Morita also suggested that Miyagi was a 442nd vet and had received a Congressional Medal of Honor for valor in battle, which deeply troubled his psyche. "Why had he survived the horrors of battle while his wife and child died?"

All the answers to these powerful elements were supplied by Morita, but very few people were ever aware of his contribution to the scene, or of the parallels to his own life and images from his childhood.

Over the years, Morita formed many lifelong friendships with veterans of the 442nd and 100th. In fact, he has been made an honorary member of the 442nd, "C" Company, and was the emcee for their 50th anniversary celebration in Hawaii just a couple of years ago.

The veterans' group recognized that his portrayal of Miyagi as a member of the 442nd was motivated by a deep and abiding personal sense of admiration and pride. He will forever be instilled with that pride.

Morita is often asked about his role as a "sensei" and the lessons he would like to teach. He wonders why people ask such questions of "an actor who is still struggling to find his own way in life. I don't think I was put on the earth in our time to perpetuate answers to these depth-of-soul-searching questions. Rather, if at all, maybe I've been put on this earth to merely raise these queries in the hearts of others as a result of my actorial interpretive skills- to simply pose these kinds of questions: not necessarily to answer them. Good luck to each of us who walks, crawls, steps or drags through any given time on this earth. Indeed, God bless us all!"

As mentioned earlier, Morita is the first to admit that he is an actor, not a karate sensei. But, my observation is, he truly epitomizes the positive qualities of so many of the budo teachers I've met over the years. Morita has overcome seemingly insurmountable obstacles-physical, racial and professional-all with a quiet sense of determination and dignity.

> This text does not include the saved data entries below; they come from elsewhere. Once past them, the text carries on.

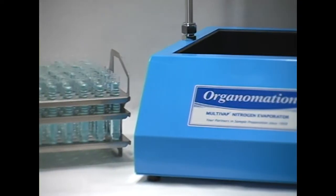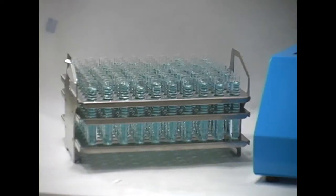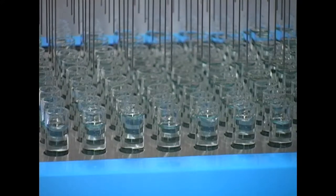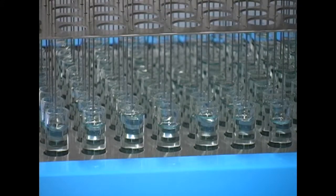You provide us with your test tube measurements and we will customize the sample rack to match. The nitrogen distribution array raises and lowers as a unit, making it easy to start and stop evaporation to all samples at once.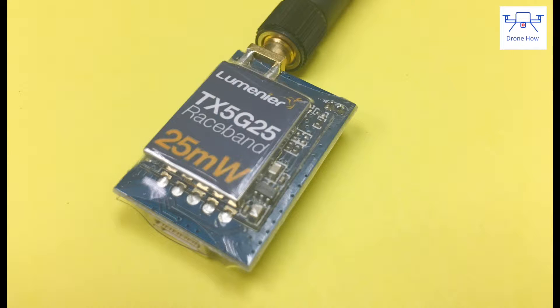Today we're reviewing the Lumineer TX5G25 raceband FPV transmitter. This is a 25 milliwatt transmitter that operates in the 5.8 gigahertz band.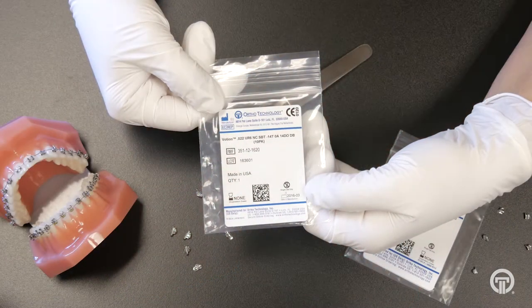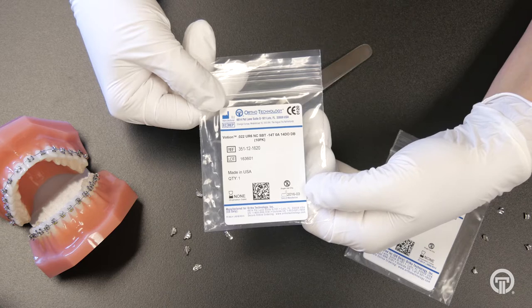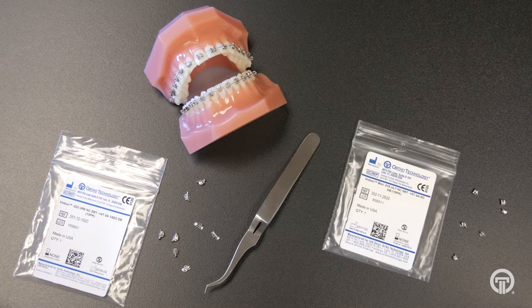The Votion Buckle Tubes are sold for first molars as well as second molars. Each quadrant is sold in packs of ten. We do run a lot of promotions and deals on the Votion Buckle Tubes, so please contact your sales representative for more information.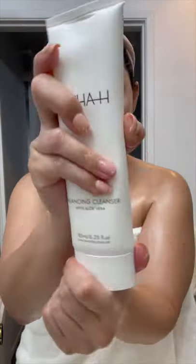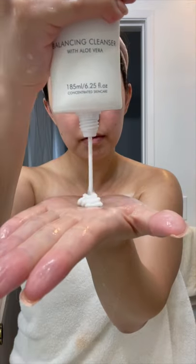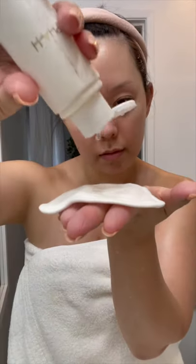My skin doesn't always love a glycolic acid. However, it's been loving the Liquid Gold from Alpha. You use the Balancing Cleanser, which is pH balancing and ultra creamy, first. Then you apply the Liquid Gold all over the face and that's it.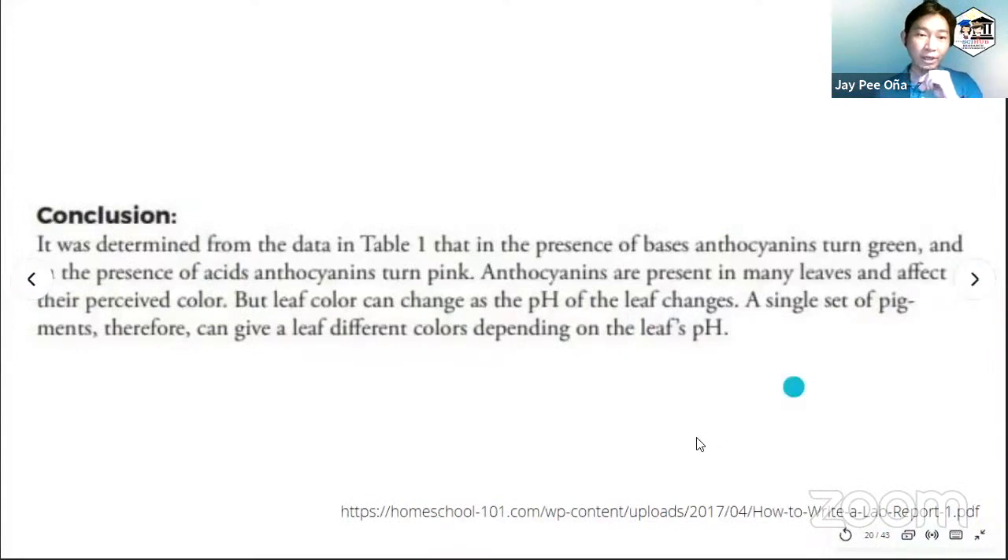Here is an example of a conclusion: 'Taking from Table 1, the presence of bases makes the anthocyanins turn green, and in the presence of acids, anthocyanins turn pink. Anthocyanins are present in many leaves and affect their perceived color. As the pH of the leaf changes, the set of pigments can give leaves different colors depending on the leaf's pH.' The conclusion is very simple because the experiment is also very simple.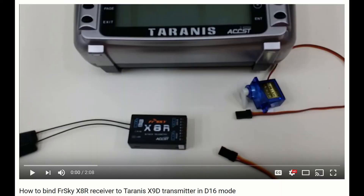I also wanted to mention that the Taranis radio should be set up for D16 SBUS mode. I'll link to another video in the comments that shows you how to do this. Thanks again.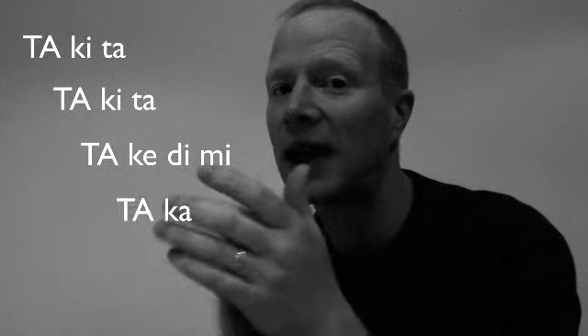And then another group of four — takedimi. So the whole thing together goes: taketa, taketa, takedimi, taka, takedimi. Taketa, taketa, takedimi, taka, takedimi.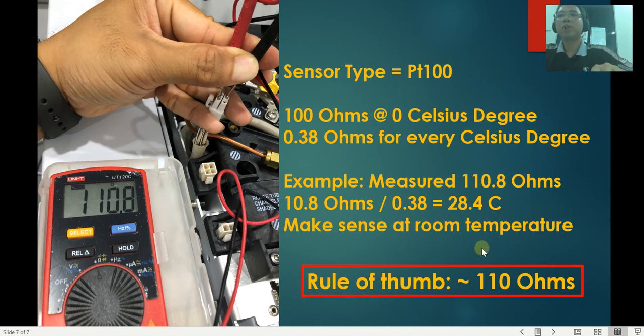So those are the two simple measurements you can perform easily with your multimeter to confirm whether your heater and sensor are working or not. I hope you enjoyed this quick video — if you have any questions, please let me know in the comments below and don't forget to hit the subscribe button.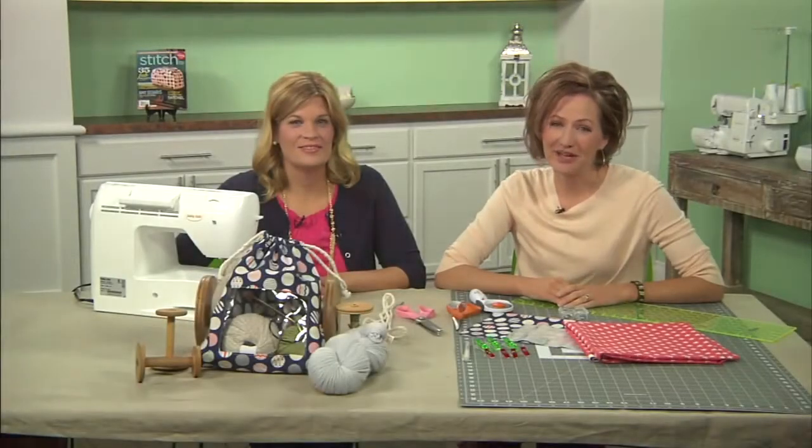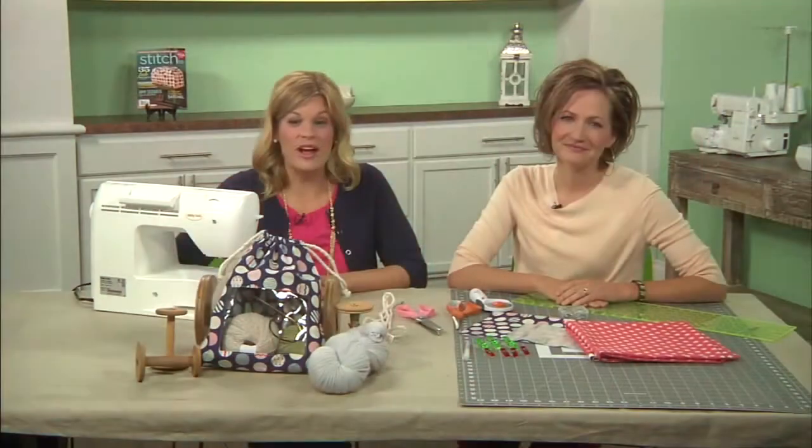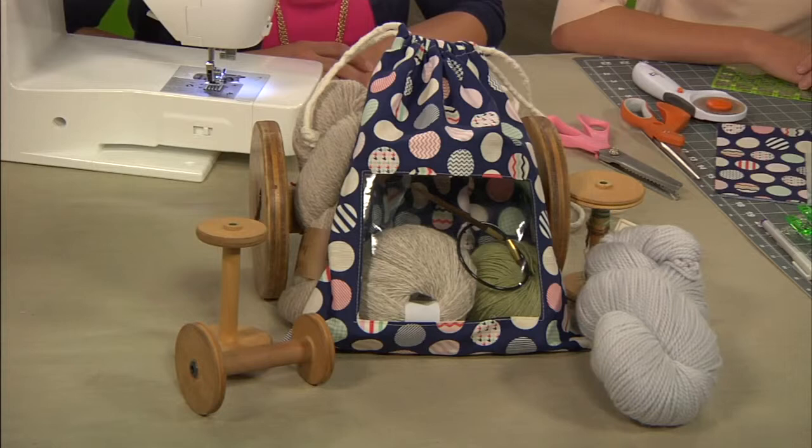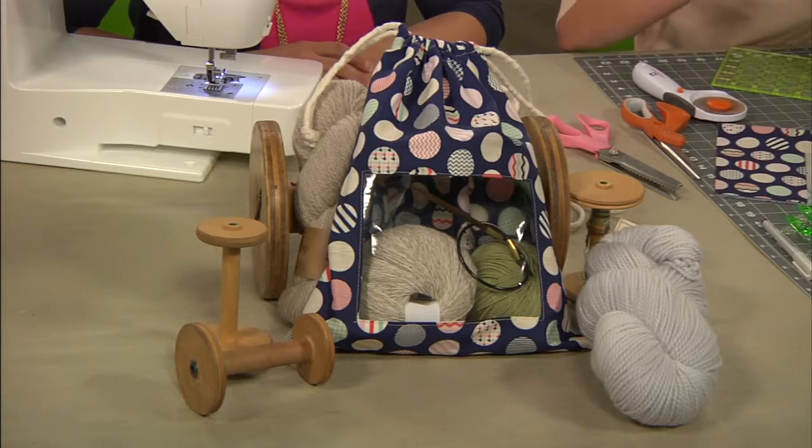Today we're making a fun project bag. This bag is perfect for any of your knitting or crocheting projects. It's great for carrying around small toys in a diaper bag or your purse. It could be a travel bag, a gift bag — there are endless possibilities with our project today. It's fun to make, too. We're going to show you how to use vinyl to sew with, and also how to make a drawstring top.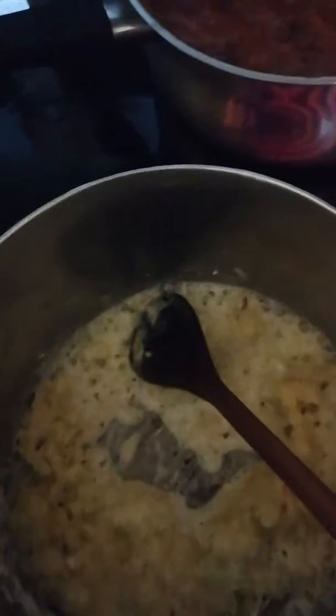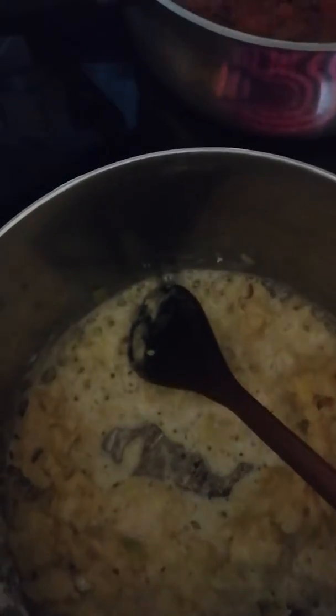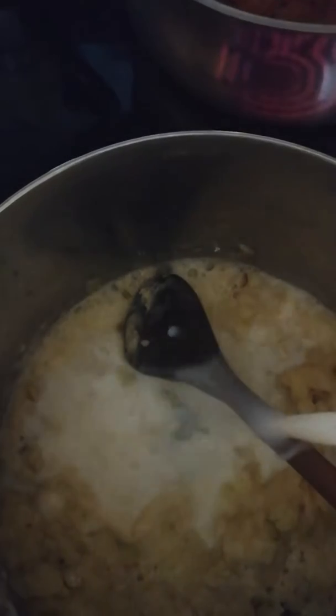Add about two cups of milk, but you're gonna pour it a little bit at a time. There's about a cup — you stir it around to let it all absorb. You don't want lumps in your soup, so you need to incorporate them together slowly. You're gonna add the other cup of milk as soon as this one gets incorporated.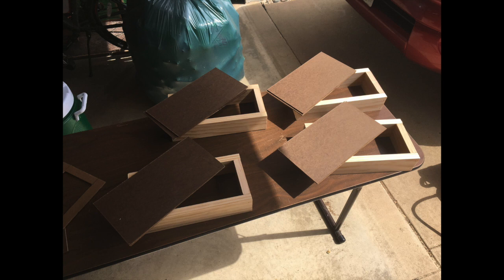I glued the masonite on top of one side of the fast clock boxes and used my air nailer again to attach them for a little extra strength. Then I used my cardboard template to trace out the dimensions I needed to cut out so the fast clock could actually sit inside the boxes.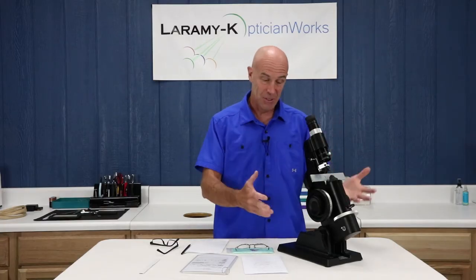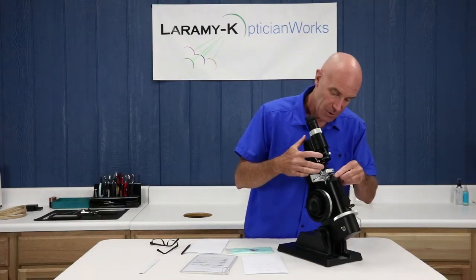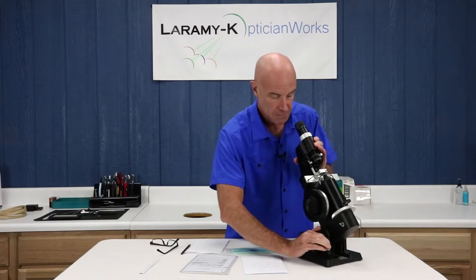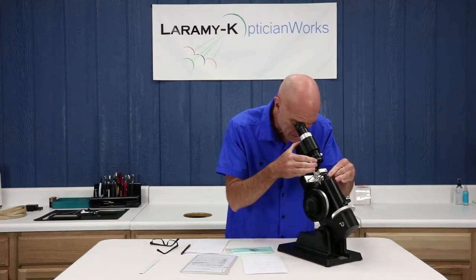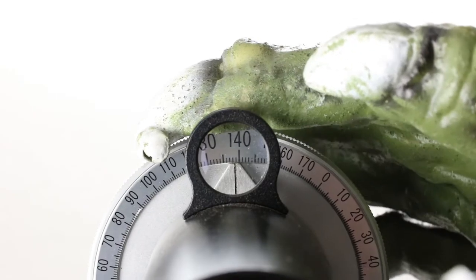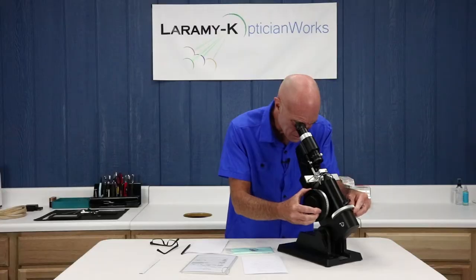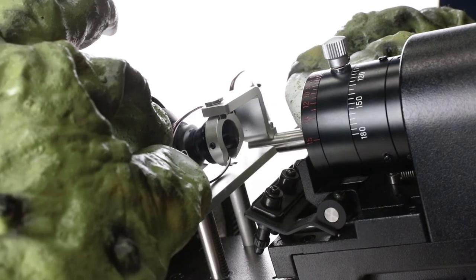After that, it's just kind of the lens meter waltz. Right lens — rest it against the lens stop, turn it on, get it comfortable, get things lined up in there, turn your axis wheel, turn your drum, do whatever you need, move things around.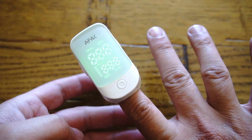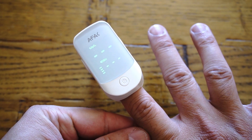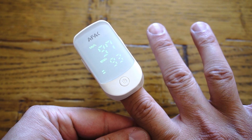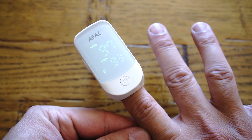All you need to do is clip the oximeter on your finger and click the power button on the top, wait seven seconds, then heart rate and blood oxygen saturation will be shown on the screen with a beating pulse graph as well.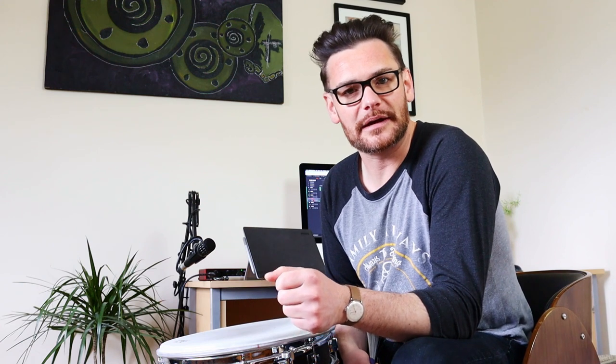Hey guys, how's it going? Hope you're all keeping well. So today we're going to talk about the figure of eight brush pattern that I got from a book by John Reilly, The Art of Bop Drumming.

What is a sensei? The word "teacher" is an in adequate translation at best, but it is formed by two characters, sen-, which means "before" or "previous," and -sei which means "born" or "life." In other words, a sensei is an elder, in particular, an elder deserving of respect. In that sense, Pat Morita is a sensei in the truest sense of the word and those of us in the budo world are fortunate and grateful for the positive role model he has established for us. But, as he has told this writer many times: "Me. . . I'm so lucky I just got to play the part."

Addenda:

I always found it interesting that the name chosen for the sensei in The Karate Kid was actually the name of a famous figure in the history of Okinawan karate-do: Miyagi Chojun (1888-1953), the founder of Goju-ryu. This Miyagi was also a participant in the 1936 "Meeting of Masters" described in Volume 1, Issue 4, Spring-Summer 1995 of Furyu ("When Masters Meet," by Patrick McCarthy, pages 10-17). Unlike the Miyagi in The Karate Kid, however, the real Miyagi was a stocky and powerful man. In fact, there is a striking resemblance between Sato sensei (Danny Kamekona), the nemesis in Karate Kid II, and the legendary Miyagi. The irony is that both Kamekona and Morita, as well as Toshiro Mifune, were all considered to play the part of Miyagi.